- By Karin Daehn-Alabi  -

If you have a loved one who doesn’t have the ability to make a will, you may be faced with some serious issues. For example, if that person has a large estate, what can be done to ensure that after their death, it’s distributed in the way that person would want? This was the issue recently considered by the Supreme Court when it had to decide whether to make a will on behalf of a person who had no capacity to do so.

Statutory Will: What happens if your loved one can't make a will?

Background – Statutory wills

RJ was a 31 year old man. As a child, he had been diagnosed with autism, intellectual impairment and obsessive compulsive disorder.  His mother had been his primary carer since birth. He’d had nothing to do with his father since he was a newborn baby.

Since 2005, RJ had resided at a government-operated facility for people with intellectual disabilities. His mother continued to provide a significant amount of care to him.

In 2010, he escaped from the facility and fell from a bridge, causing significant and permanent brain and spinal injuries. The South Australian government paid him $3.2 million in compensation.

After the accident, RJ lived in supported accommodation in Murray Bridge.

RJ’s mother applied to the Court to have a statutory will made on his behalf.

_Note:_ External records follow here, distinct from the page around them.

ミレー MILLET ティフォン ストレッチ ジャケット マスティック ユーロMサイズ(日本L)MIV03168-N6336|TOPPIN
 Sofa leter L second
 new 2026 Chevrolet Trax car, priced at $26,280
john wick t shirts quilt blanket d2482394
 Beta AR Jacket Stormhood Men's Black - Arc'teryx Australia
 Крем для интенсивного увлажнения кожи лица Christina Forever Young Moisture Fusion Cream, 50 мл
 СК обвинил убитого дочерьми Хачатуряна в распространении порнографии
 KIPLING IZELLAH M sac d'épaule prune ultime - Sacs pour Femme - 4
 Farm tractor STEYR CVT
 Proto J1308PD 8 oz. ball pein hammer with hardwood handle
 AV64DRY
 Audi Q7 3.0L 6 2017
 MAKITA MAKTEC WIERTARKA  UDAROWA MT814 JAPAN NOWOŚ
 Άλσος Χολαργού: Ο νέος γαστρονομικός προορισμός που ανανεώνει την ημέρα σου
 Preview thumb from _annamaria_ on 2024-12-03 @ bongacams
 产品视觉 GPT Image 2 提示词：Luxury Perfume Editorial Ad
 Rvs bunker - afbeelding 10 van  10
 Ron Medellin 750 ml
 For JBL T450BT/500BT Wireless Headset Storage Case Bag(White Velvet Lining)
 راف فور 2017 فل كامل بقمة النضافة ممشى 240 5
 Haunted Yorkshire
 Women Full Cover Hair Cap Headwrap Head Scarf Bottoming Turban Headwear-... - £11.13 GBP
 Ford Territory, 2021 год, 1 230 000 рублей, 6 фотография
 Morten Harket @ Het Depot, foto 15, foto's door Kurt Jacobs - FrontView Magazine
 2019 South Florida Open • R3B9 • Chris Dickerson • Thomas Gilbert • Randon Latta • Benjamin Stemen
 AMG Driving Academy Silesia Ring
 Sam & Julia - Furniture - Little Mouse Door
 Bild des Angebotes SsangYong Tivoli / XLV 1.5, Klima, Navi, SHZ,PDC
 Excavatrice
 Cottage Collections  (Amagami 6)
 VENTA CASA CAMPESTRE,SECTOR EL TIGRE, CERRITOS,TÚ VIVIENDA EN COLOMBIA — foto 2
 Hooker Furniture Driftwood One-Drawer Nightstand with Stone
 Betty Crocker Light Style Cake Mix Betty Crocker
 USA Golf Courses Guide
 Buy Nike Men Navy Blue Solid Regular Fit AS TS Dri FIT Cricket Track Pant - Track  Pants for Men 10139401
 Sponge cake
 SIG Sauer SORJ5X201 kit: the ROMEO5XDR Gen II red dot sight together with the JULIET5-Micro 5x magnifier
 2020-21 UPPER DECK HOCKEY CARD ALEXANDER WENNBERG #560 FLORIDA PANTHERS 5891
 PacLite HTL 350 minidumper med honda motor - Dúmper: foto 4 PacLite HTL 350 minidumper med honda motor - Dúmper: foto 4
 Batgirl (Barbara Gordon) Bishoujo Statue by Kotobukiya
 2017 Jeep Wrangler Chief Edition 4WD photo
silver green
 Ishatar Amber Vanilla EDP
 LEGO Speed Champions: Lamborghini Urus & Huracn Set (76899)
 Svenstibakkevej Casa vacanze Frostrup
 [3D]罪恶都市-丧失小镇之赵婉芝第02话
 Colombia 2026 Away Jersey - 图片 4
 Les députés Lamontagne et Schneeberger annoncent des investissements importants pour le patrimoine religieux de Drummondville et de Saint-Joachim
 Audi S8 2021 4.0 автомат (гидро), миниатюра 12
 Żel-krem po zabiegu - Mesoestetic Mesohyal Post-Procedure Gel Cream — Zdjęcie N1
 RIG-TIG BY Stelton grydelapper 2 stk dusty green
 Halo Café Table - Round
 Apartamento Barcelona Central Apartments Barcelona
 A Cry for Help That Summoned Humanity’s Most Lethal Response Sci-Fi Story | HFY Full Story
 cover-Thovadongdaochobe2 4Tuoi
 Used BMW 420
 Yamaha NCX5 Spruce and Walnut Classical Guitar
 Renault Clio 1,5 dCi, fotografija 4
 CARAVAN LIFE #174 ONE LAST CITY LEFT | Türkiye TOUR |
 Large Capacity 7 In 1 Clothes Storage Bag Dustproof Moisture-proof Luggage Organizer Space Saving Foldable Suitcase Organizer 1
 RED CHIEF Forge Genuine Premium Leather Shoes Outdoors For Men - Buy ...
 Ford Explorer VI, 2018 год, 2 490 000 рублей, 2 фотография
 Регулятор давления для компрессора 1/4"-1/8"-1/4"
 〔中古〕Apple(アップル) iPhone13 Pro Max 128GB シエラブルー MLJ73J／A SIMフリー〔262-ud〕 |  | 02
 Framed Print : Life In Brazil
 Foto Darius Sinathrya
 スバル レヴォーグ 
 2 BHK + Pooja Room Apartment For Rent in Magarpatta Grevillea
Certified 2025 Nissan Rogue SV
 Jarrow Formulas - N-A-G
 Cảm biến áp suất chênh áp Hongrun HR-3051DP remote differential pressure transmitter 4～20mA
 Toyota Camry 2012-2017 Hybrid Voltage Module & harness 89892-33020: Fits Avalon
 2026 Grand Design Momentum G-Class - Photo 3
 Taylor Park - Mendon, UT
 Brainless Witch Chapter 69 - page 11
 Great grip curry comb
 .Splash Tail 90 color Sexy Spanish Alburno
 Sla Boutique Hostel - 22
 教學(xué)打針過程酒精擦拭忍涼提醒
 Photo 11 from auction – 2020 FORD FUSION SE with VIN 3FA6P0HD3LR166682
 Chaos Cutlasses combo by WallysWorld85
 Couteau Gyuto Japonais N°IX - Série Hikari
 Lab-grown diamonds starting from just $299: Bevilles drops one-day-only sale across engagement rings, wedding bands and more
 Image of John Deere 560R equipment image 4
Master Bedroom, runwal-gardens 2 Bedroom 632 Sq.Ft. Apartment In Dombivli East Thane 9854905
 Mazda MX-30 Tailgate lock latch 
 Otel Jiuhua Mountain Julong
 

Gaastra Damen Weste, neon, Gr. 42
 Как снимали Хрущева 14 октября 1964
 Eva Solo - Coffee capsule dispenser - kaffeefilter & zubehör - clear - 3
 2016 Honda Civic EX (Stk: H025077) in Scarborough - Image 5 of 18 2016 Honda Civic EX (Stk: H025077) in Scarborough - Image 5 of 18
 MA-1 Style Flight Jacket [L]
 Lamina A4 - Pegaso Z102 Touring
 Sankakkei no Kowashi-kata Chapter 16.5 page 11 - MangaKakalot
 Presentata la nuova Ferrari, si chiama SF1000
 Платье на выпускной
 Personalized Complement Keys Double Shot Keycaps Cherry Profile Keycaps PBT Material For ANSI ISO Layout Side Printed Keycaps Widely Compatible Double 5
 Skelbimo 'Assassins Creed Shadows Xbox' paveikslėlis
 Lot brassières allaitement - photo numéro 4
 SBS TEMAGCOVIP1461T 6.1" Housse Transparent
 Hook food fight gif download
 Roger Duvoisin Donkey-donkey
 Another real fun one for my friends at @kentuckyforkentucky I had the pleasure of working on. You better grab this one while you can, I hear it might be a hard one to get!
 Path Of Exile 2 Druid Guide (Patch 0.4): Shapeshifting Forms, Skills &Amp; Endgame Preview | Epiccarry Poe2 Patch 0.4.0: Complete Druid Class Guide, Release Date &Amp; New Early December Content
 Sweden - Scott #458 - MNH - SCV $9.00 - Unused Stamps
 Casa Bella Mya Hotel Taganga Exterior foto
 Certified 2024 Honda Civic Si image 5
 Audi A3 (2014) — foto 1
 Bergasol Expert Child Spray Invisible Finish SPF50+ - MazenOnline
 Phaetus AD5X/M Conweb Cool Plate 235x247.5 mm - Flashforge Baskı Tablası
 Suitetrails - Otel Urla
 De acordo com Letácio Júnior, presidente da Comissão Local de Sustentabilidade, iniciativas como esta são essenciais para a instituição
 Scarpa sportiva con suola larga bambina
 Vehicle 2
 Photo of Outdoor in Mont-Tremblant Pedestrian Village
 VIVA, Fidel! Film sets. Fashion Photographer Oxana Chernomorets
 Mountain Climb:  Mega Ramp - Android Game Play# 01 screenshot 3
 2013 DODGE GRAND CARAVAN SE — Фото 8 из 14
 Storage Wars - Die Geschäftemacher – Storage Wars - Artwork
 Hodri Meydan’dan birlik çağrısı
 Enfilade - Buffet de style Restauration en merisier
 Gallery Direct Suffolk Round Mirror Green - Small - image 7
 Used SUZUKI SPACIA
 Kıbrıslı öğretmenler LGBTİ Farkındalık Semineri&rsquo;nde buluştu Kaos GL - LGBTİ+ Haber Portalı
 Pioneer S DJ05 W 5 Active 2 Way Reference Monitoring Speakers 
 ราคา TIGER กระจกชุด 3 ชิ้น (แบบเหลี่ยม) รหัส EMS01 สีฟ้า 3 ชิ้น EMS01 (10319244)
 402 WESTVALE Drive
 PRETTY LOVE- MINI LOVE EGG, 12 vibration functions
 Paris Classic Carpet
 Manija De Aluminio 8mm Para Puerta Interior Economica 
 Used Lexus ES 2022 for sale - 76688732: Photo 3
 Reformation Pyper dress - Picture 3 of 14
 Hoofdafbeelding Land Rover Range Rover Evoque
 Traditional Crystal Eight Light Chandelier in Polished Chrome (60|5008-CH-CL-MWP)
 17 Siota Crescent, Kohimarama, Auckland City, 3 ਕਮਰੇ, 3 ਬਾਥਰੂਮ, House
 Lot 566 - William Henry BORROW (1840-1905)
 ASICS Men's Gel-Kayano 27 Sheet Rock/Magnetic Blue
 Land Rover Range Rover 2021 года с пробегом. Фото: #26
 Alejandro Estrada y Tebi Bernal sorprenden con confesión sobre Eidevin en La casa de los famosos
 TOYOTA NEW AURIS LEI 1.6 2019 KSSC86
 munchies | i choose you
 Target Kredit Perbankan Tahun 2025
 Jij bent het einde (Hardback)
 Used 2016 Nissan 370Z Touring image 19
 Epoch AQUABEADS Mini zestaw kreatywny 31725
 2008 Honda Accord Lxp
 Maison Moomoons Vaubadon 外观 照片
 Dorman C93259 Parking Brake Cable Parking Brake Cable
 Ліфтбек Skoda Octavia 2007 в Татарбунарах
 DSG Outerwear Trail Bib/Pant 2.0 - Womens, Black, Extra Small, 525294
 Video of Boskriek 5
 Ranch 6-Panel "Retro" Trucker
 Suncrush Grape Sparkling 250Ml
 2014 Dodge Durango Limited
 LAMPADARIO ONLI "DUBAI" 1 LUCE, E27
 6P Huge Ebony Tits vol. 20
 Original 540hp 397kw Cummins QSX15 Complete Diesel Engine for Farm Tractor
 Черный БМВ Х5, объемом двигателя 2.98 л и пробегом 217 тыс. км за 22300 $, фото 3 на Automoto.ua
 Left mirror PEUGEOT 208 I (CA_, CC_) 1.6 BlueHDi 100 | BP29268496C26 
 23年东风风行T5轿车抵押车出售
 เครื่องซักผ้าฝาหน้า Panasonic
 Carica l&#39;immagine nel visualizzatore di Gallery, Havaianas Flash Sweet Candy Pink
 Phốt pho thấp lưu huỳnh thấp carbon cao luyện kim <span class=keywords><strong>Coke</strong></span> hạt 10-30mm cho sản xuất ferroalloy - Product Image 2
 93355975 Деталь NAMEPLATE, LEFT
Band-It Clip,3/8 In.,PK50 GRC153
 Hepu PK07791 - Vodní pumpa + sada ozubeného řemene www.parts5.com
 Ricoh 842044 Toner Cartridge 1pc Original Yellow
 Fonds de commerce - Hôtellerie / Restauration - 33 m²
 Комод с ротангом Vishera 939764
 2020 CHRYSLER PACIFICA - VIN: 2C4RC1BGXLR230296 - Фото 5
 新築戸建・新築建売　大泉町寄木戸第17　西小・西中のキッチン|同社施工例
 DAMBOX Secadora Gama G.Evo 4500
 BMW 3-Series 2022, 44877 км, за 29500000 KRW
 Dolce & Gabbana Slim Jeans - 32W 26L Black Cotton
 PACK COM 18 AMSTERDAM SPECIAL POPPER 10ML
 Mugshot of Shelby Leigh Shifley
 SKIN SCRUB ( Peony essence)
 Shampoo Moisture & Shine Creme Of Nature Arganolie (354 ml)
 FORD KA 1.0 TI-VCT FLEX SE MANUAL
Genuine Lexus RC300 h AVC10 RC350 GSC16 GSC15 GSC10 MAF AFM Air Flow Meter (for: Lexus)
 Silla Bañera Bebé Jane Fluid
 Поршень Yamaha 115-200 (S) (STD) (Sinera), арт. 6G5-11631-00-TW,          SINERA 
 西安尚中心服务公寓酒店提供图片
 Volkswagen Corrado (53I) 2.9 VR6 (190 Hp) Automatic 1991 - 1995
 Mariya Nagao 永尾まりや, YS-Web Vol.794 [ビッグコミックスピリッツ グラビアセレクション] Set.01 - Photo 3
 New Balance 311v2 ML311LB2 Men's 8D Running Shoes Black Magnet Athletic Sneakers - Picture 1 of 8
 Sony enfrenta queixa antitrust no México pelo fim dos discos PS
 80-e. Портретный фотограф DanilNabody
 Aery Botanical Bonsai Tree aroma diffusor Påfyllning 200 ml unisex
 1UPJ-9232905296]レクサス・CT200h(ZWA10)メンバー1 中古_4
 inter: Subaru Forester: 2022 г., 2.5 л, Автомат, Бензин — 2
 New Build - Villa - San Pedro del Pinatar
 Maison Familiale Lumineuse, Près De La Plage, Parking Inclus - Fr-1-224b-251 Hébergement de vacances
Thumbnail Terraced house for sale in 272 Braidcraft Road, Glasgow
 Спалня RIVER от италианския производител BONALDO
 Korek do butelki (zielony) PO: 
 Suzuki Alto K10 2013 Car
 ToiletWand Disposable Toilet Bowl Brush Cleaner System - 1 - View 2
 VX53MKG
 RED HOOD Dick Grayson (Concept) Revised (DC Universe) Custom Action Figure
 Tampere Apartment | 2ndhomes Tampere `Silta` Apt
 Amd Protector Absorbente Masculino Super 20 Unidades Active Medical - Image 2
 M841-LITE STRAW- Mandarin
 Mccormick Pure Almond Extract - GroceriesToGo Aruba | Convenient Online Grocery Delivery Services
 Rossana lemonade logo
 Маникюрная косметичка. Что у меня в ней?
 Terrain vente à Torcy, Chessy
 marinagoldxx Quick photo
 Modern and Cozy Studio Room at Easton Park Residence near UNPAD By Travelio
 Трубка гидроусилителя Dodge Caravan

In the lead-up to the hearing, the Court appointed a litigation guardian, who was an independent lawyer. The litigation guardian’s role was to protect the interests of RJ.

What is a statutory will?

A statutory will is a Court-made will. It is made on behalf of someone who can’t make their own will because they don’t have legal capacity. This means that they don’t have the ability to understand what the will is, what it means to make a will and/or the implications of making the will. Often, this type of incapacity arises from intellectual impairment, for example dementia.

When deciding whether to make a statutory will, a Court will try to work out what the person would have wanted, if they had capacity to make a will for themselves.

South Australian laws require that the situation meet specific criteria before a Court can agree to make a statutory will. The Court must be satisfied that:

  • The person doesn’t have capacity to make the will.
  • The proposed will reflects the person’s likely intentions.
  • It is reasonable to make the will.

The Court must also take into account:

  • Any evidence of the person’s wishes.
  • The likelihood that the person may later have testamentary capacity.
  • Any previous wills made by the person.
  • The interests of any person who might be a beneficiary if the person died without a will.
  • The interests of anyone who cared for the person or provided emotional support.
  • Any gift that might be reasonable (for example, to a charity).
  • The size of the estate.


The mother was asking the Court to make her the beneficiary of 75 percent of the estate. LT was her companion and she sought orders that:

  • LT be named as beneficiary of 25 percent of the estate.
  • If LT predeceased the mother, she would inherit his share.
  • If she died, RJ’s niece and nephew would inherit the mother’s interest.
  • If the niece and nephew died, the estate would go to various charities associated with RJ’s illnesses and conditions.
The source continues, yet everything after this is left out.